§ 11. Mr. Corbett
To ask the Secretary of State for Transport what guidelines and advice he has issued to (a) manufacturers and (b) purchasers of buses about access for disabled people since the introduction of the Disability Discrimination Act 1995.
§ Sir George Young
The Department of Transport has set up working groups with both manufacturers and operators of buses to discuss the regulations that will be drawn up under the Disability Discrimination Act 1995. Also, we shall shortly be publishing the first in a series of information bulletins which will report the progress that we are making in implementing the transport provisions of the Act. Bulletins will be circulated widely to manufacturers and operators, as well as to local authorities and disability organisations. When regulations are made under part V of the Act, we will issue separate detailed guidance to all those affected.
§ Mr. Corbett
I am grateful for that answer. Does the Secretary of State recall that, during the passage of the Disability Discrimination Bill and the two similar Back-Bench measures, there was substantial demand from people with disabilities for buses to be made much more accessible to them, as well as for the spin-off benefits for young parents with push chairs, people with heavy luggage, and so on. In passing, does the Secretary of State agree that the bus industry often gives the impression of turning passengers away, rather than trying to attract them? Can he assure the House that he will keep up the pressure on that issue, given that, when measures to help people with disabilities have passed through the House before, the provisions have often been left on the shelf to gather dust?
§ Sir George Young
Yes, I can assure the hon. Gentleman that that is a subject to which I attach high priority. He is right to point out that it is not merely the disabled who will benefit from the particular features on the buses.
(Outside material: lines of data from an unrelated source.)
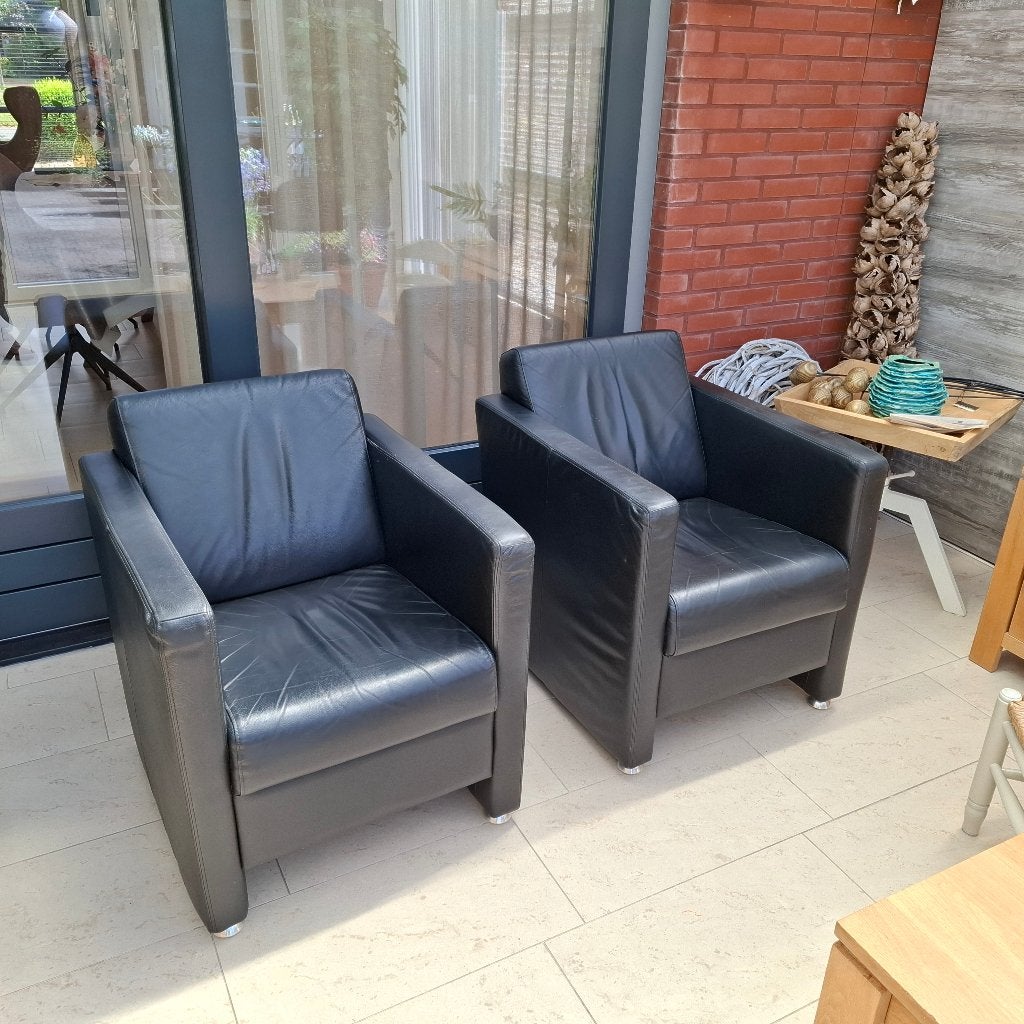 Leren fauteuils, Ophalen, Gebruikt, 50 tot 75 cm, Leer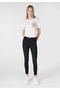 Skinny Fit Mid Waist Narrow Leg Women's Black Jean Trousers with Pockets - 3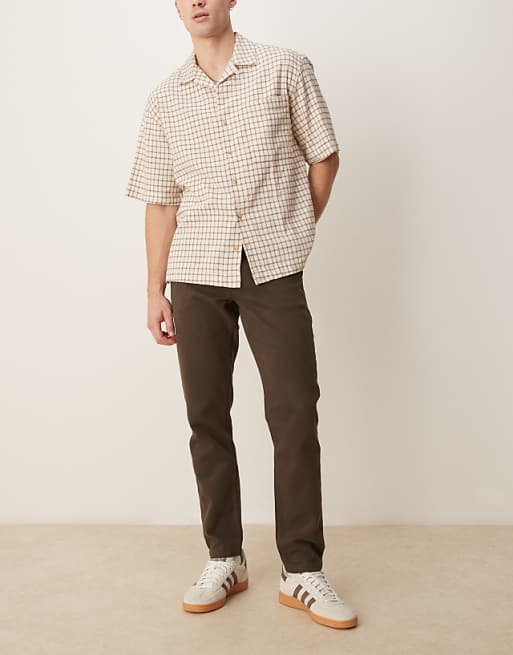 ASOS DESIGN tapered fit chinos in brown
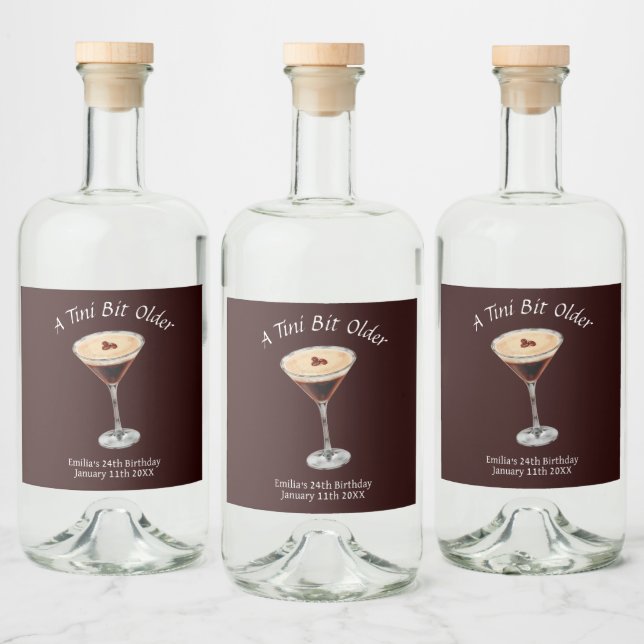 Tini Bit Older - Espresso Martini Thema Alkoholflaschenetikett (Flaschen)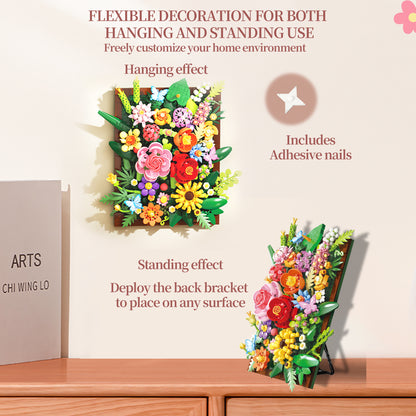 3D Floral Wall Art Building Blocks – Botanical DIY Picture Frame with Hanging & Standing Display, Gift-Ready Box, Home Decor Gift for Adults & Teens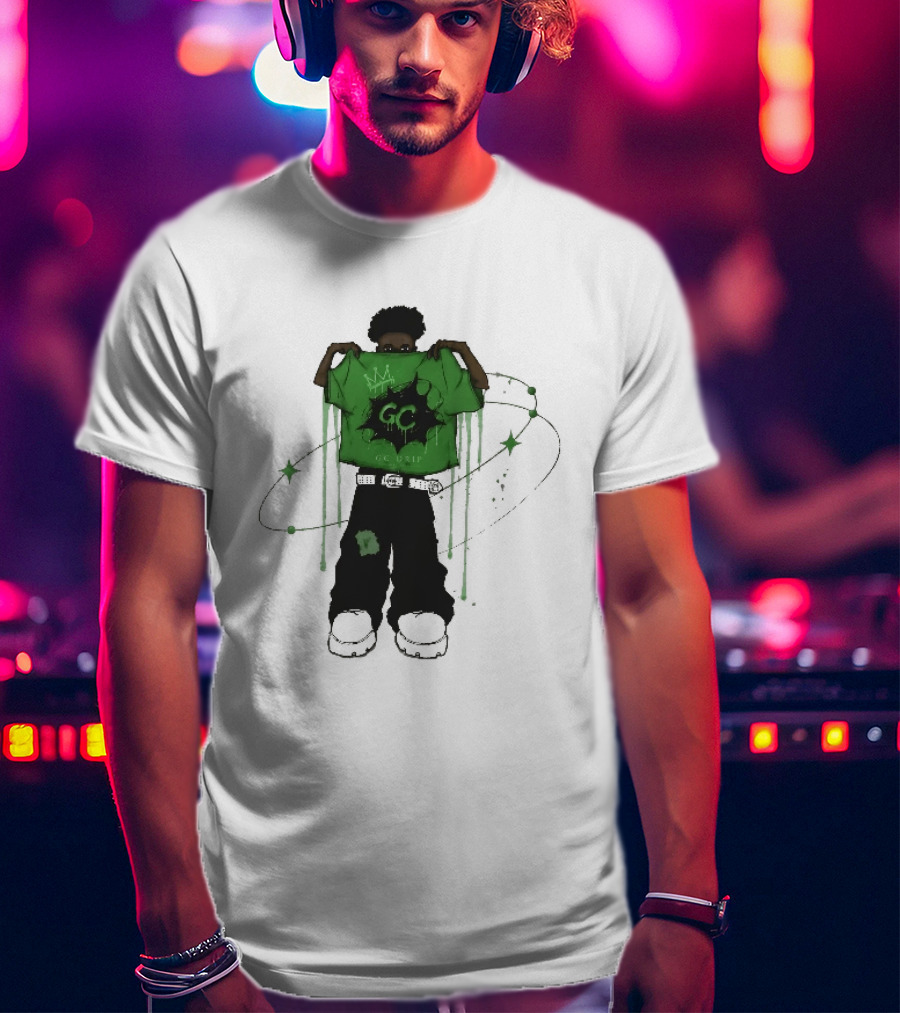 Gc Drip Cartoon Character Holding Green Clothing With Crown And Stars T-Shirt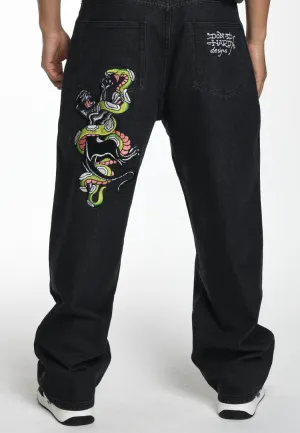Daily Musthave Fashion Forward Mens Panther-Slither Tattoo Graphic Relaxed Denim Trousers Jeans - Black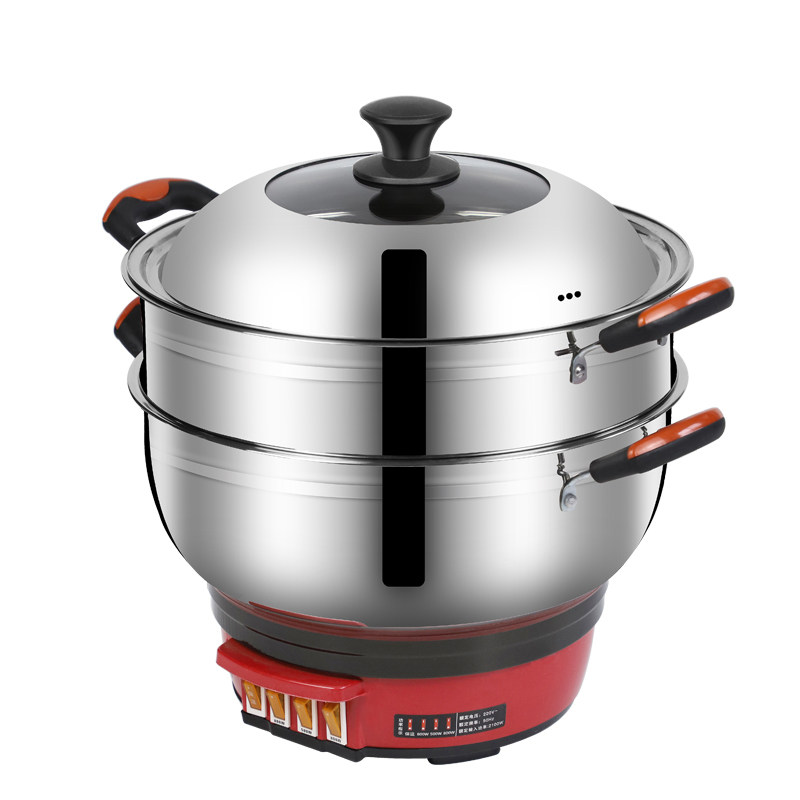 厨王多功能电热锅家用炒菜电炒锅蒸锅蒸笼宿舍小型炒蒸煮一体电锅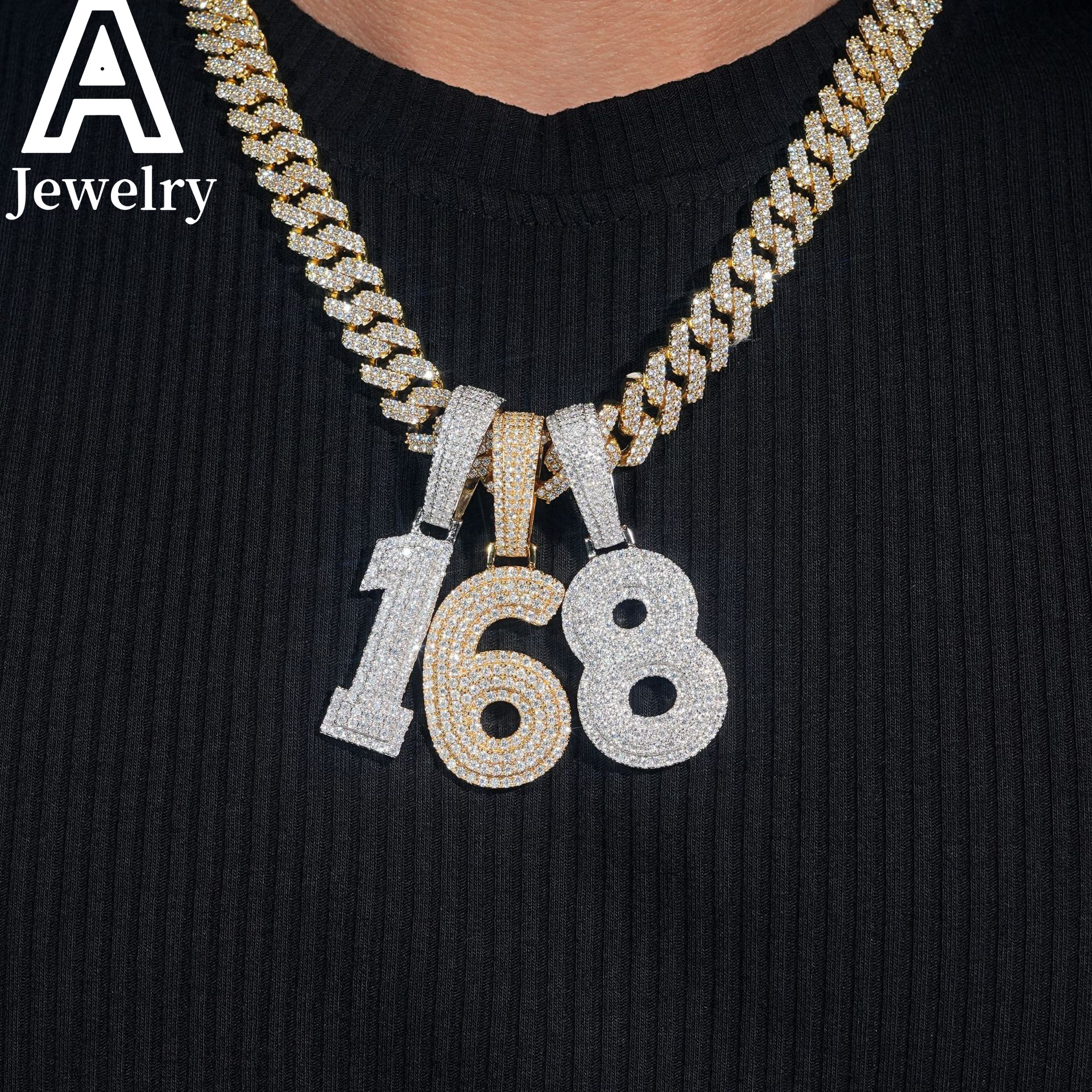 Iced out hip hop fashion jewelry 0-9 number pendants moissanite custom initial pendant 925 silver jewelry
They will help many other people, including women or men with young children, and the elderly. He will be pleased to know that 90 per cent. of new buses now have at least some of the features that were recommended by the Disabled Persons Transport Advisory Committee—DIPTAC—and which make it easy for ambulant disabled and elderly people to use the buses. I hope to see further progress.
§ Mr. Harry Greenway
Does my right hon. Friend agree that the smooth driving of buses is of the utmost importance for disabled people, and will he emphasise that to all involved in driving buses?
§ Mr. Tom Clarke
Does the Secretary of State accept that the enthusiasm he expresses does not seem to be shared by the Government? It took us several months to persuade the Government to include access for disabled persons to buses in the Disability Discrimination Act 1995. Will the Secretary of State tell us why he cannot present a timetable today, and why he is not using parts V and III of the Act so that disabled people can gain access to buses, trains, bus stations and rail stations? 647 Will he accept that, on the evidence, one of the obvious reasons for the Government's stalling is the chaos caused by bus deregulation and the equal chaos caused by the Government's determination to privatise rail transport?
§ Sir George Young
The hon. Member will know that transport infrastructure is covered by part III of the Disability Discrimination Act 1995. We have introduced implementation dates for those parts of the transport industry for which the technology exists to achieve accessibility. For example, for rail rolling stock, the implementation date is 31 December 1998. For other transport modes, there are a wide variety of possible solutions, some of which will be available earlier than others. I will bring forward implementation dates as soon as we and the industry are satisfied that they are achievable and sustainable.